All of the white noise of modernity was gone. Instead, on a ten-day trek amid the Altai Mountains, what sound there was came from the roar and fizz of water rushing over rocks as I walked alongside the Ak-Kem River in the direction of Mount Belukha and the glacier that lounged at its base like a dragon guarding its secrets. Legend has it that this Russian mountain is the site of Shambhala, a mythical kingdom with roots in the folklore of both Buddhism and native shamanism, a ‘Pure Land’ where the physical and spiritual worlds dissolve into each other.
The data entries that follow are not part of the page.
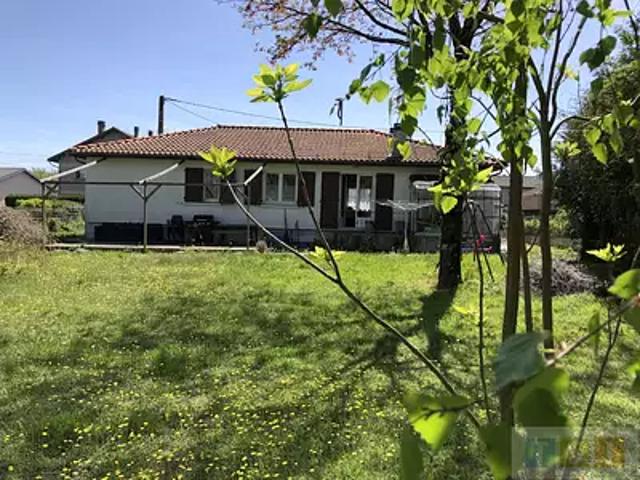 Lannemezan 65300 Achat / Vente maison 5 pièces t5 au dernier étage terrasse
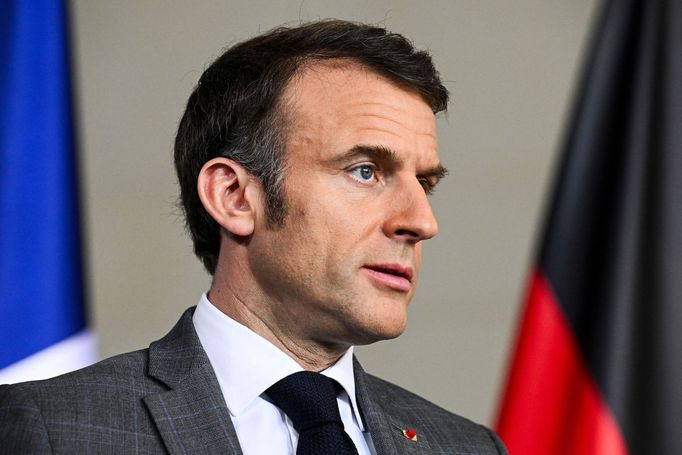 Emmanuel Macron při setkání s polským premiérem Tuskem a německým kancléřem Scholzem 15.3.2024.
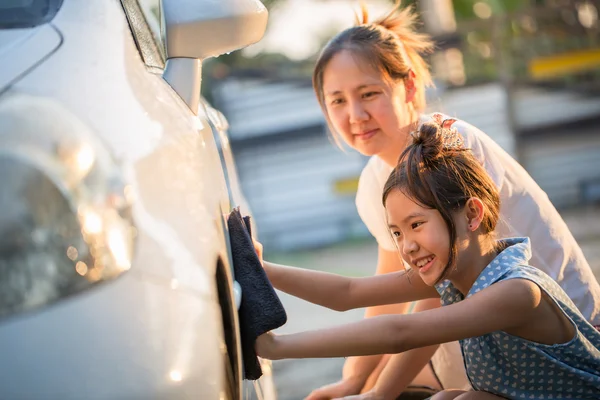 Menina asiática feliz lavar carro com sua mãe em casa — Fotografia de Stock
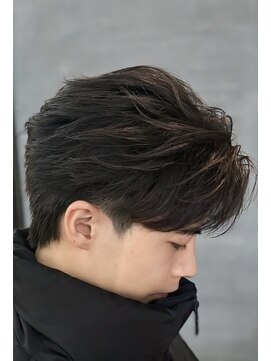 バース 河原町店(BIRTH) 韓国へアカルマパーマワックスなしセンターパート黒髪ウルフ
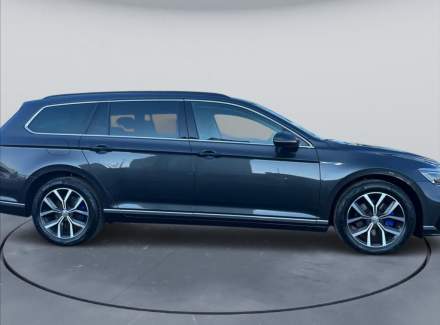 Volkswagen - Passat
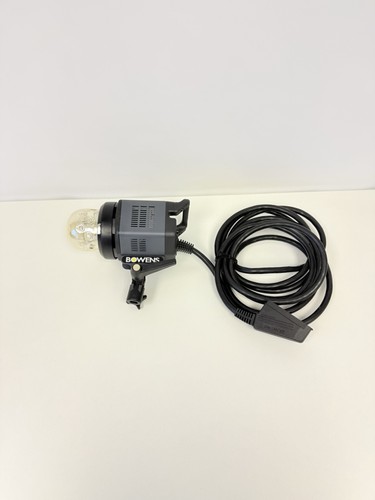 Bowens quadx 3000 - bowens, light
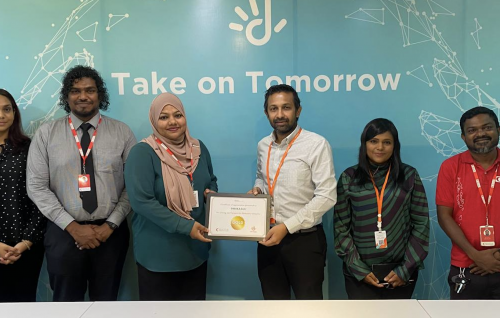 Insaaniyyathahtakai  Red Crescent in kuraa massakathugai eheetherivumah dhiraagun partner vejje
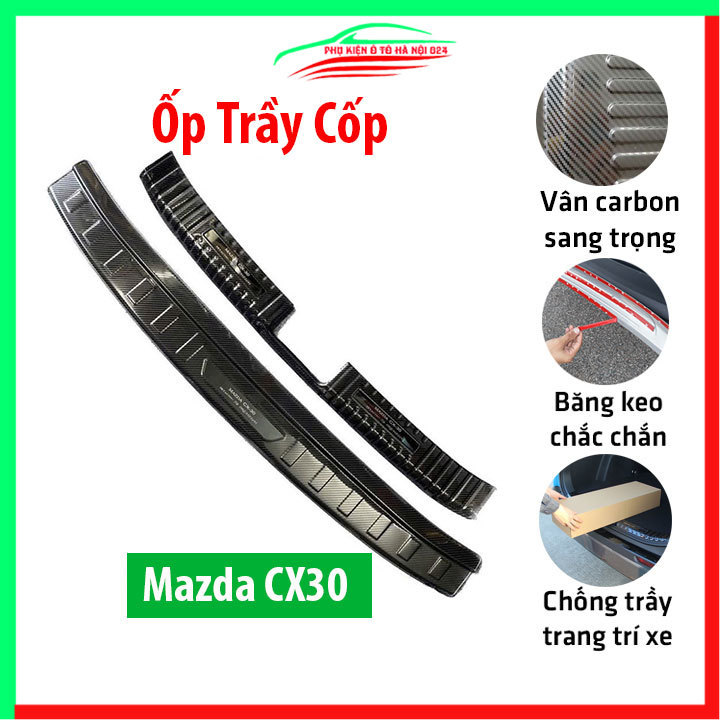 Ốp chống trầy cốp Mazda CX-30, CX30 2021-2025 vân cacbon sáng bóng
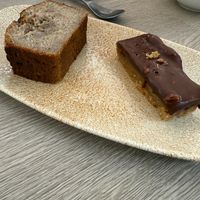 Banana bread and snickers pastry at Amour Patisserie Vegetale in Nice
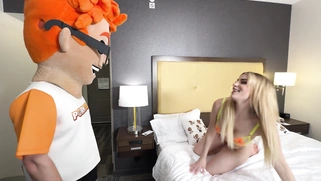 Sultry Graycee's Cum Quest: PornDude Delivers with a Side of Cheating!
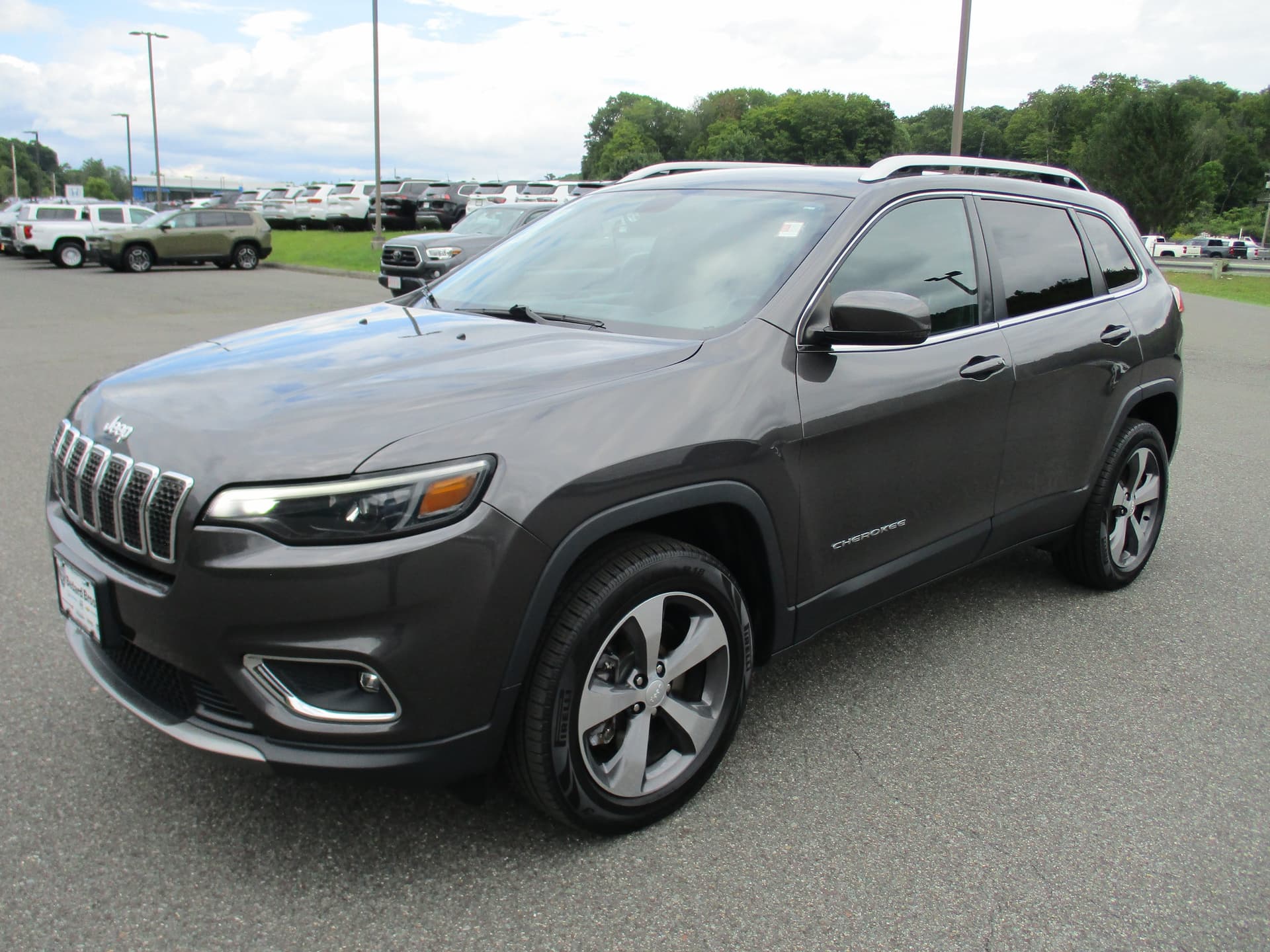 2019 Jeep Cherokee Limited — photo 1 of 18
En route I’d noticed increasing numbers of stones gathered to form small conical piles, but these were not created by Buddhists or shamans. Rather they were the product of Belukha’s new believers, a mish-mash of Theosophists, Gnostics, mystics and post-Soviet hippies. Some of them had probably made good use of the marijuana I’d seen growing in abundance in the meadows nearby.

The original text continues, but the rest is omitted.